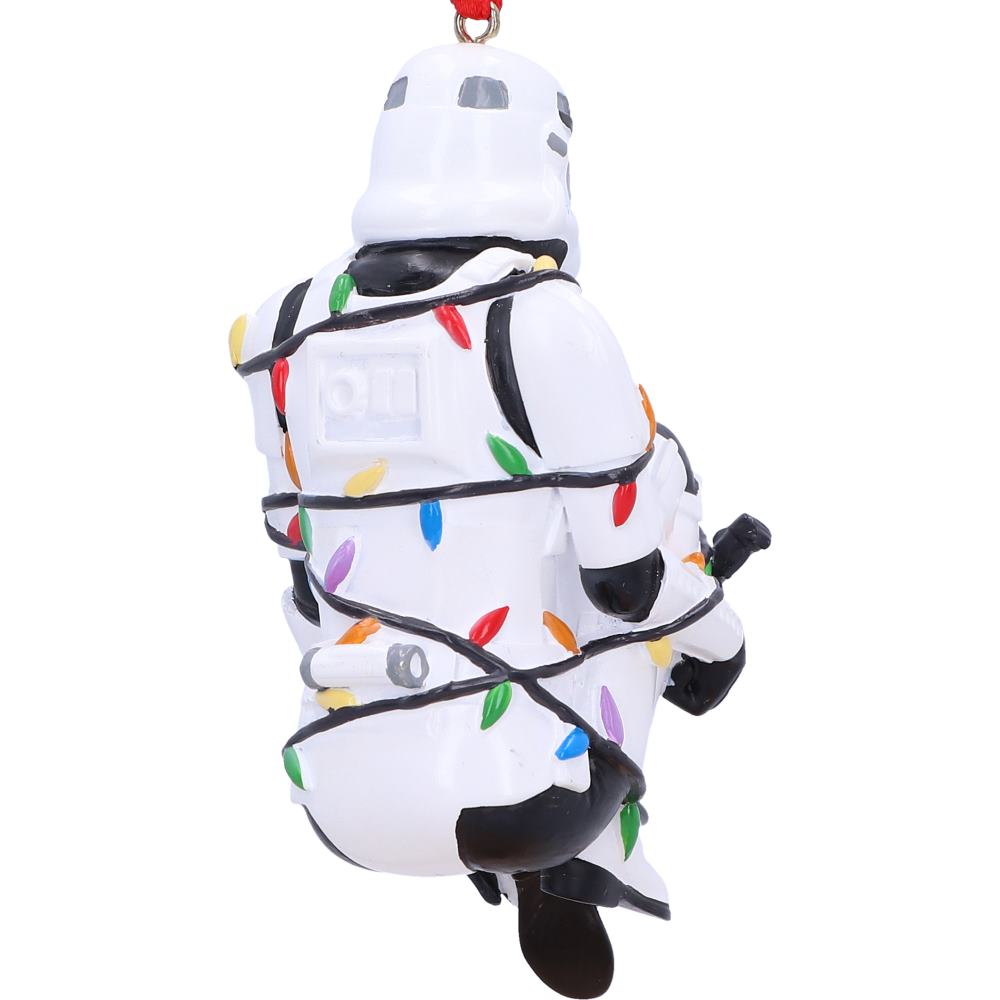 Stormtrooper In Fairy Lights Hanging Ornament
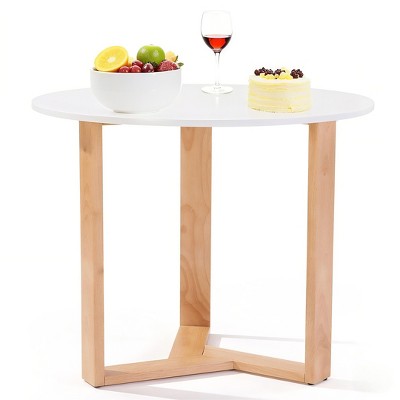 Anybear 31.5 x 29.7" Round Dining Table for Small Spaces for 2-4 People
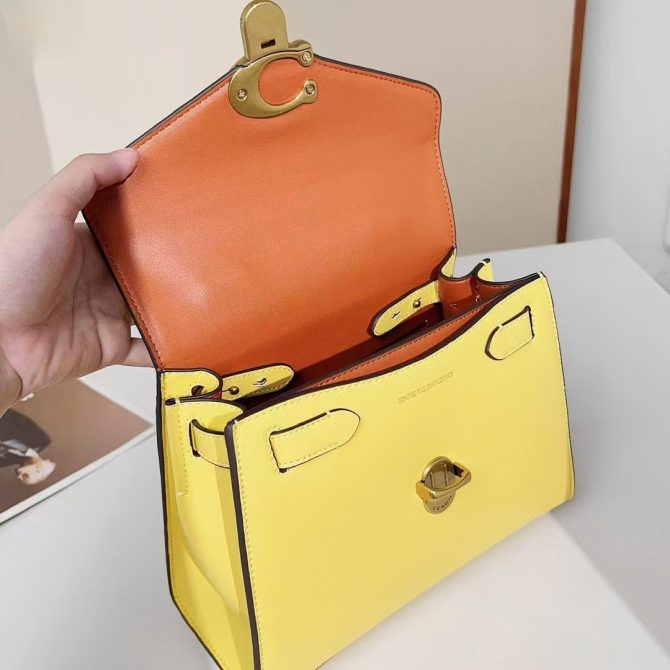 COACH Sammy Top Handle Yellow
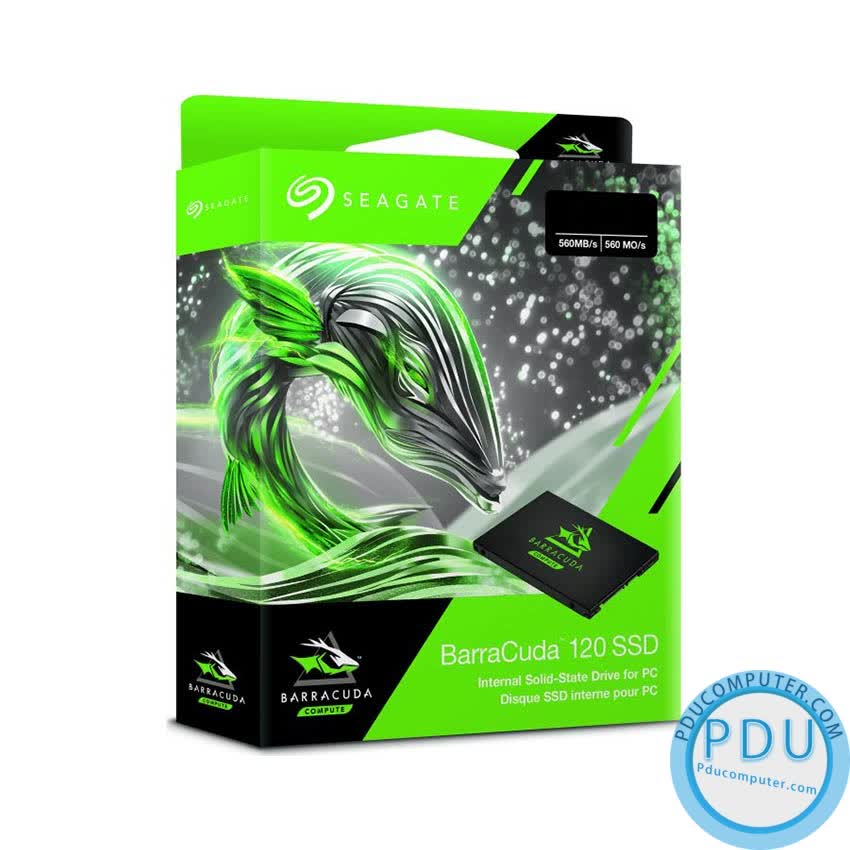 Ổ cứng SSD Seagate BarraCuda 120 1TB 2.5 inch SATA3 (Đọc 560MB/s, Ghi 540MB/s) - (ZA1000CM1A003)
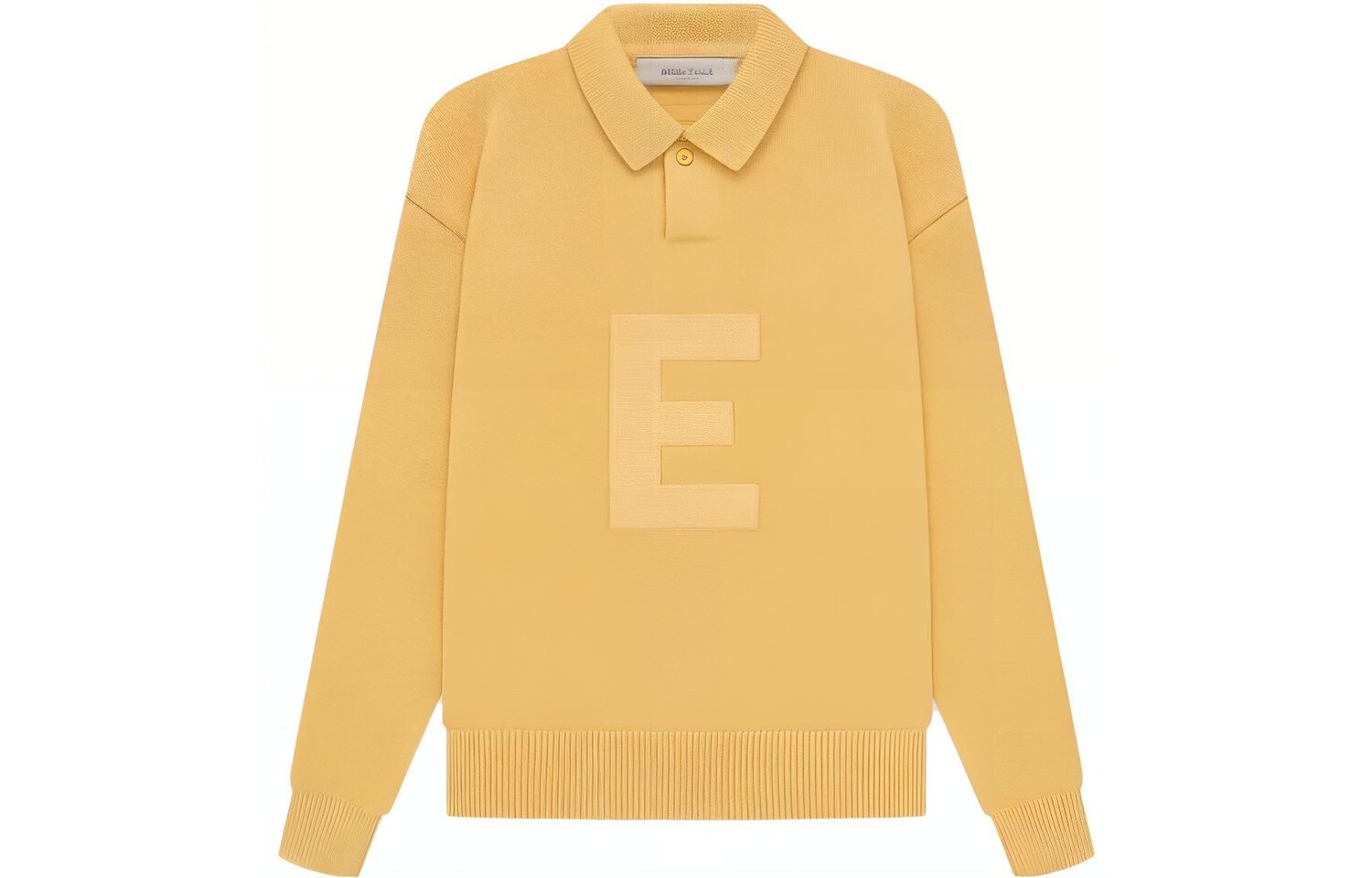 

Детская толстовка Fear Of God Essentials, светло-желтый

DIRECTIONS FOR THIS TASK: A word-for-word copy of the records above is needed, pictures excluded.

PROBLEM SOLUTION:
 Stormtrooper In Fairy Lights Hanging Ornament
 Anybear 31.5 x 29.7" Round Dining Table for Small Spaces for 2-4 People
 COACH Sammy Top Handle Yellow
 Ổ cứng SSD Seagate BarraCuda 120 1TB 2.5 inch SATA3 (Đọc 560MB/s, Ghi 540MB/s) - (ZA1000CM1A003)

Детская толстовка Fear Of God Essentials, светло-желтый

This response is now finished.